Genesis 45:5–8 is similar to how Joseph will say, in the remarkable concluding section of the Joseph cycle, when he forgives his brothers and breaks generational cycles of sibling resentment, “Even though you intended to do harm to me, God intended it for good, in order to preserve a numerous people, as he is doing today” (Genesis 50:20). There, too, it is Joseph who says this about his own life, and not other (well-meaning?) people who are telling him that his suffering is for a greater good or that it “happened for a reason.”
Again, Joseph does not pretend that his brothers did not sell him (Genesis 45:4) or intend to harm him (Genesis 50:20). But God used the cruel actions and harmful intents in God’s work to “preserve life,” that latter phrase also being repeated twice in Joseph’s speech in this lectionary text (verses 5, 7).
Joseph also uses a phrase that has puzzled some, saying in verse 8 that God “has made me a father to Pharaoh,” but that can be explained as an idiom for authority, as are the subsequent descriptions in the verse, “lord of all his house and ruler of all the land of Egypt.” Joseph then switches back to talking about his literal father, urging his brothers to go to him and tell him to come to Egypt without delay.
Joseph explains that the family can settle in Goshen, near him. This pastureland of the Nile delta, close to the border, was a place where, historically, nomads from Sinai were given permission by the Egyptian government to graze their flocks. There, Joseph explains, he will provide for them during the five remaining years of famine, “so that you and your household and all that you have will not come to poverty” (Genesis 29:11). The Hebrew could be more literally translated as “lest you legally lose all that you have.”
Joseph tells his brothers that they can see that he is speaking to them directly—“It is my own mouth that speaks to you” (Genesis 29:12)—a reminder to us that the earlier communications took place through an interpreter (see Genesis 42:23), but at this point Joseph is speaking to them in their own language.

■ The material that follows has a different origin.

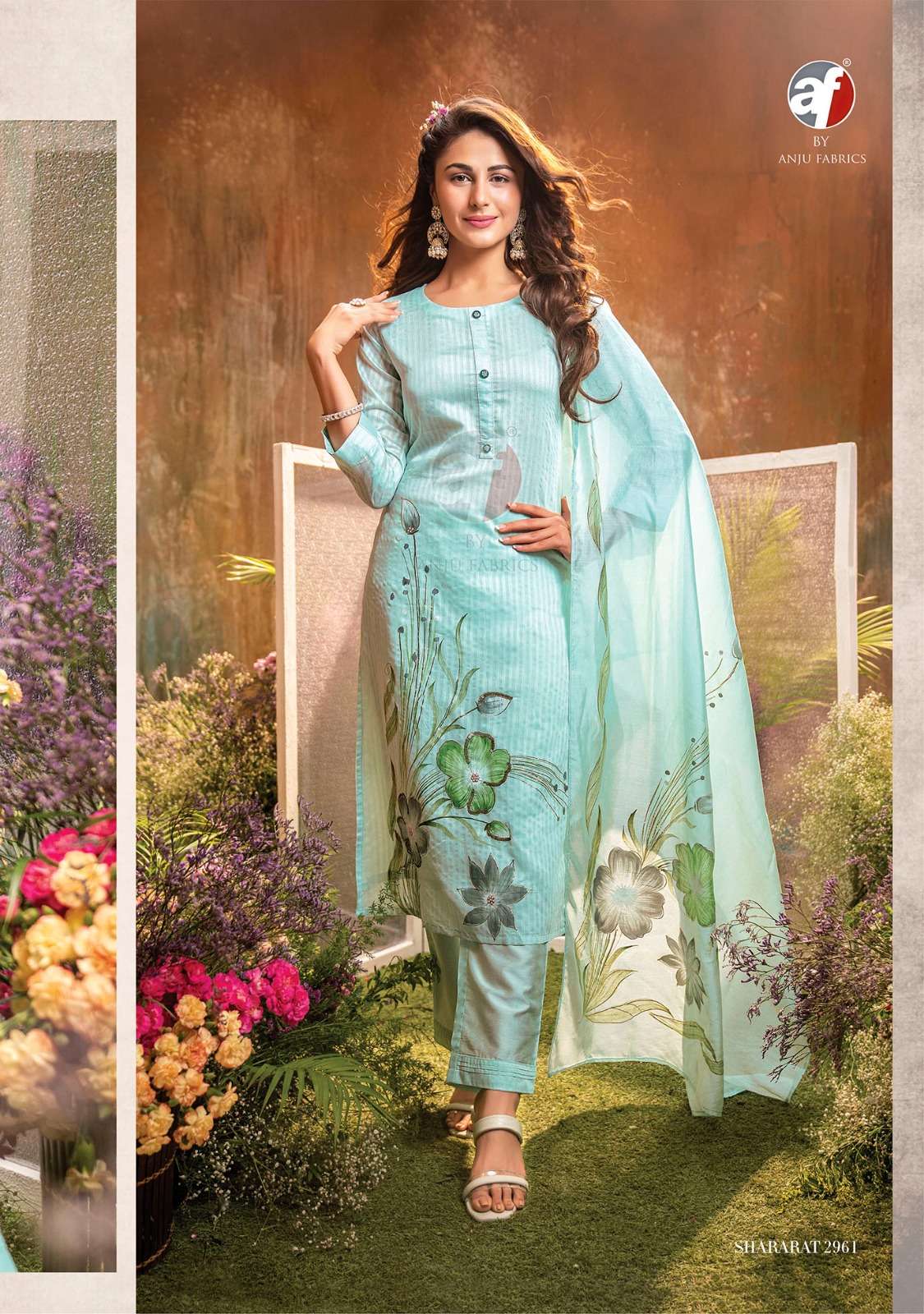 anju fabrics shararat vol-4 2961-2966 series designer fancy exclusive kurti pant dupatta wholesaler surat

The text concludes with more weeping, but this time it is mutual. Joseph weeps “on the neck of” his full brother Benjamin, who in turn weeps on Joseph’s “neck,” which suggests a close embrace where heads rest on each other’s shoulder; it also signifies deep emotion. And then, Joseph kisses all (the rest of) his brothers and weeps on them.
Finally, after this, the brothers can speak with him, though what exactly they say is not mentioned (Genesis 45:15). But neither may their words be all that important. When Joseph first spoke, the brothers were silent because of their overwhelming feelings. It is only when Joseph kisses and weeps on all of them that the words are unlocked. Joseph’s sharing of his tears and feelings seems to be what enables the brothers to feel even more, and communicate back.